Ka’be’nin kenarında bin katlı binadan kıbleye dönmek için yüzüstü yatmalarına gerek yok, arşı a’laya kadar çıkan çizgiye dönerler.
Uzayda yol alanlarla veya Uzay İstasyonunda namaz kılanlar Dünyayı esas alarak onun dikine çıkan çizgisine dönerler.
Bu yolculukta uçakta kıldığımız namaz gibi İftitah tekbirini kıbleye dönerek alırız sonra uçak ne tarafa dönerse namazımızı kılmaya devam ederiz.
Bu tür hesapları yapamaz durumda olursak, yine Fıkıh kitaplarında gece karanlığında yön belirleyemeyen insan ne tarafa dönerse namazı sahih olur” fetvası geçerlidir.
Alın bu fetvayı Uzaya uygulayınız.
Fıkıh kitaplarımızdaki bu ifade, çağımızda yeni ele alınan uzay hukukuna da ışık tutar.
Dünyamız, güneşin etrafında dönse de, güneş, dünyamızdan 1.300.000 (Bir milyon üç yüz bin) kat büyük olsa da o bir yıldızdır. Işık ve ısı kaynağıdır.
Dünya ise, içinde insan taşımaktadır.
Rabbimizin haberine göre dünyamızın, gökyüzünde olan yıldızların tamamı bizim için yaratılmıştır.
Meleklerin, Mü’minlere rahmet için, semadan indiği yerdir bu dünya.

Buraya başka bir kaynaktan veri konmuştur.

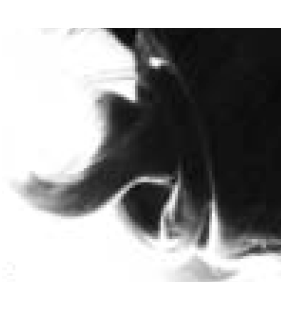 speciesimage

Onun için kainatın/evrenin merkezi, dünyamızdır.
Ve uzay hukuku düzenlenirken uzay bilginleri, fizikçiler, matematikçiler, merkez olarak dünyayı, dünyadan da Ka’beyi merkez alarak, ülkelerin uzay sınırlarını da belirleyebilirler.

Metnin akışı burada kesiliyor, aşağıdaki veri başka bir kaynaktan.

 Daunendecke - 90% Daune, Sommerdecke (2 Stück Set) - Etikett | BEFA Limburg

Kur’an-i Kerimde Rabbimiz: “Ey insanlar” buyururken muhatap bütün insanlıktır.
Fıkhımıza göre Camiler, dünyadaki tüm Müslümanların ortak malıdır.

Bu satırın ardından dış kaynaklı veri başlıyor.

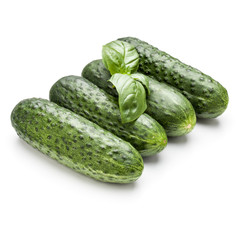 Cucumber vegetable and basil leaves isolated on white background cutout
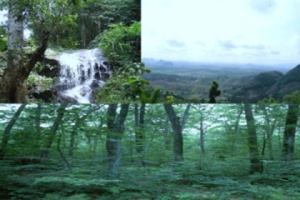 “พันธบัตรป่าไม้” แรงจูงใจฟื้นป่าสมดุล 30 ปี 20 ล้านไร่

Camilerimizin adı Kur’an ve Sünnette “Mescid” dir.
Yani Allah’a secde eden herkesin ortak malıdır.
Devletin, diyanetin veya imamın malı değildir.
Bütün peygamberlerin kurduğu şehirlerde merkeze mescid/cami koyulur.
Medine’deki Mescidi Nebevi örneğinde olduğu gibi.
İmam, Allah’ın temsilcisi değil, bütün Müslümanlar, bilgileri oranında Allah’ın dininin tebliğcisi, açıklayıcısı ve nasıl yaşanacağının örnek insanıdır.